# Open sets and closures

1. Jan 27, 2014

### Shaji D R

Suppose A and B are open sets in a topological Hausdorff space X.Suppose A intersection B is an empty set. Can we prove that A intersection with closure of B is also empty? Is "Hausdorff" condition necessary for that?

2. Jan 27, 2014

### pasmith

Given that $A$ and $B$ are disjoint, the only way $A$ can intersect with the closure of $B$ is if there exists $a \in A$ such that $a$ is a limit point of $B$.

But that's impossible: $A$ is an open neighbourhood of $a$ which contains no points in $B$. Hence $a$ is not a limit point of $B$.

This holds whether or not $X$ is Hausdorff.

3. Jan 27, 2014

### economicsnerd

Rephrasing pasmith's argument without reference to individual points...

Let $X$ be any topological space, and suppose $A,B\subseteq X$ are disjoint and $A$ is open. Then:
-$X\setminus A$ is closed because $A$ is open.
-$X\setminus A \supseteq B$ because $A,B$ are disjoint.
-As the closure of $B$, the set $\bar B$ is the smallest closed set that contains $B$.
-In particular, $\bar B \subseteq X \setminus A$.
Rephrasing the last point, $A,\bar B$ are disjoint sets.

4. Jan 28, 2014

### Shaji D R

Thank you very much

5. Feb 4, 2014

### ibdsm

A \cap B empty

If A and B are disjoint, the B is a subset of the complement of A.

If A is open, its complement is closed.

Hence, in this case, the closure of B is contained in the complement of A.

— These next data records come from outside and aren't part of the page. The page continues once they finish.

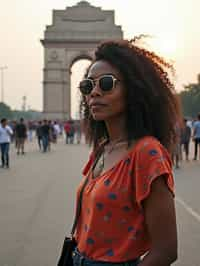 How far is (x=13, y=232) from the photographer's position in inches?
261

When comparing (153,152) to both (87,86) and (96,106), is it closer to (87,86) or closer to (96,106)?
(96,106)

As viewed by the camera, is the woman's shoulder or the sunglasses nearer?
the woman's shoulder

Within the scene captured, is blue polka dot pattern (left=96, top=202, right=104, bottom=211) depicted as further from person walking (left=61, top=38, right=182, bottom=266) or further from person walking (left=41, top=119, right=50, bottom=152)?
person walking (left=41, top=119, right=50, bottom=152)

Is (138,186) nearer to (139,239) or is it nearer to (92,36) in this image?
(139,239)

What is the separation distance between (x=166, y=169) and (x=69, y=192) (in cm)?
883

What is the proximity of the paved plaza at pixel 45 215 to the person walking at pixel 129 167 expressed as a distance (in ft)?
10.7

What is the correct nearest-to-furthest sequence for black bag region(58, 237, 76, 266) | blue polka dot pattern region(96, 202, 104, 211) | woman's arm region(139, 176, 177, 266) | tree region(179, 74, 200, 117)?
1. woman's arm region(139, 176, 177, 266)
2. blue polka dot pattern region(96, 202, 104, 211)
3. black bag region(58, 237, 76, 266)
4. tree region(179, 74, 200, 117)

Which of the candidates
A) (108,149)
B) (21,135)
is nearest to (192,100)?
(21,135)

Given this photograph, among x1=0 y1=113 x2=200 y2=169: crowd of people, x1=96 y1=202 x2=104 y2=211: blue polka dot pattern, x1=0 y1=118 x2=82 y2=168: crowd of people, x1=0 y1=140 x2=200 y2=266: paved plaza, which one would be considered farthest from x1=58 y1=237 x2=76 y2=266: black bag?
x1=0 y1=140 x2=200 y2=266: paved plaza

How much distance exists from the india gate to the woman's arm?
59.9 meters

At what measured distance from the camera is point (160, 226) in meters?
1.80

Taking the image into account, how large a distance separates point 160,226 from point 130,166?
0.25 m

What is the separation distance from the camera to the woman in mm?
1814

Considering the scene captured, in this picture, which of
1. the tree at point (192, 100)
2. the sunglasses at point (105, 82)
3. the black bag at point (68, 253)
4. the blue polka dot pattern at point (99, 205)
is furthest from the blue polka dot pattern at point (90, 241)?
the tree at point (192, 100) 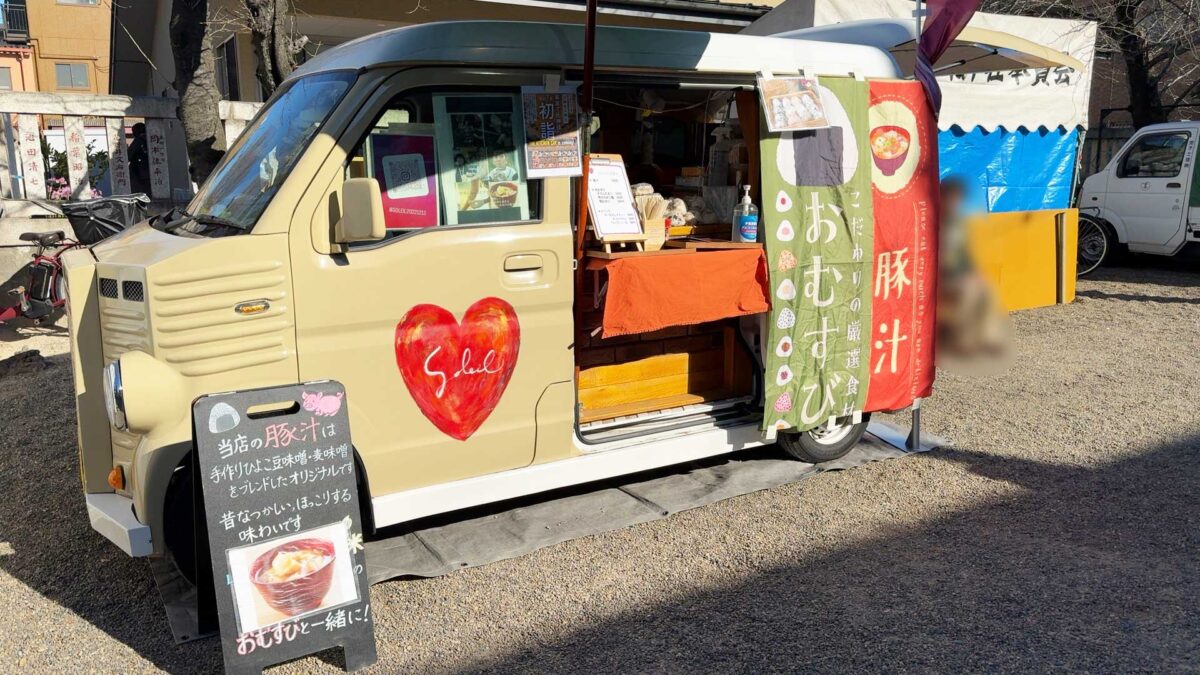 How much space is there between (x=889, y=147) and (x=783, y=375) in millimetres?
1374

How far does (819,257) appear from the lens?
471 cm

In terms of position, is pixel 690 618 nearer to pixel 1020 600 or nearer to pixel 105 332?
pixel 1020 600

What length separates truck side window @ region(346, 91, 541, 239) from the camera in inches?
149

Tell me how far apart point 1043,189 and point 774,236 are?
7876 millimetres

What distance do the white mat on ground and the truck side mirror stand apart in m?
1.44

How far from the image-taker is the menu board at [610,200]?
171 inches

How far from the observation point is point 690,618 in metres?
3.56

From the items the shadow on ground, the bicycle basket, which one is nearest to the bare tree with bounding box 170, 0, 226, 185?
the bicycle basket

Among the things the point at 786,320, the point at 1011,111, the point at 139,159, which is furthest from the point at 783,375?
the point at 139,159

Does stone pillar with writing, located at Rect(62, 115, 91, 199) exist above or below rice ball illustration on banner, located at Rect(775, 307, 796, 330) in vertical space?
above

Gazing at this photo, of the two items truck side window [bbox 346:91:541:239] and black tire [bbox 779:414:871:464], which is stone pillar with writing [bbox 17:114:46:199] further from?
black tire [bbox 779:414:871:464]

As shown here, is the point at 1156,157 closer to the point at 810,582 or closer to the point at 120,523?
the point at 810,582

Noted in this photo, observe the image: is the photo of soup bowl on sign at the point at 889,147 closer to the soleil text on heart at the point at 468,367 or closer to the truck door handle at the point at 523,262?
the truck door handle at the point at 523,262

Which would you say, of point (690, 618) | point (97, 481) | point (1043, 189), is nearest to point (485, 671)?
point (690, 618) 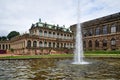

Hence, A and the closure of B are disjoint.

There is no need for the ambient space to be Hausdorff. There is no need for B to be ooen.

6. Feb 5, 2014

### JG89

The space has to be Hausdorff and B has to be open. A = (0,1) and B = [1,0] is a counter example to what you say

7. Feb 5, 2014

### ibdsm

1. [1,0] is the empty set, as there are no real numbers which are both at least 1 and at most 0. Hence your "counter-example" fails.

2. By definition,
(i) a subset of a topological space is closed if and only if it is the complement of an open set
(ii) the closure of a subset, B, of a topological space is the smallest closed subset of the space which contains B.

There is no question of being a Hausdorff space or even a T1 or T0 space for this.

8. Feb 5, 2014

### JG89

Wow, I can't believe I wrote that. I was dead tired and my counter-example I was trying to type out was A = (0,1), B = [1,2]. But even that fails.

My apologies, I'll try not to post when I'm half awake anymore lol.

9. Feb 5, 2014

### ibdsm

I'm glad I'm not the only one to blunder at times!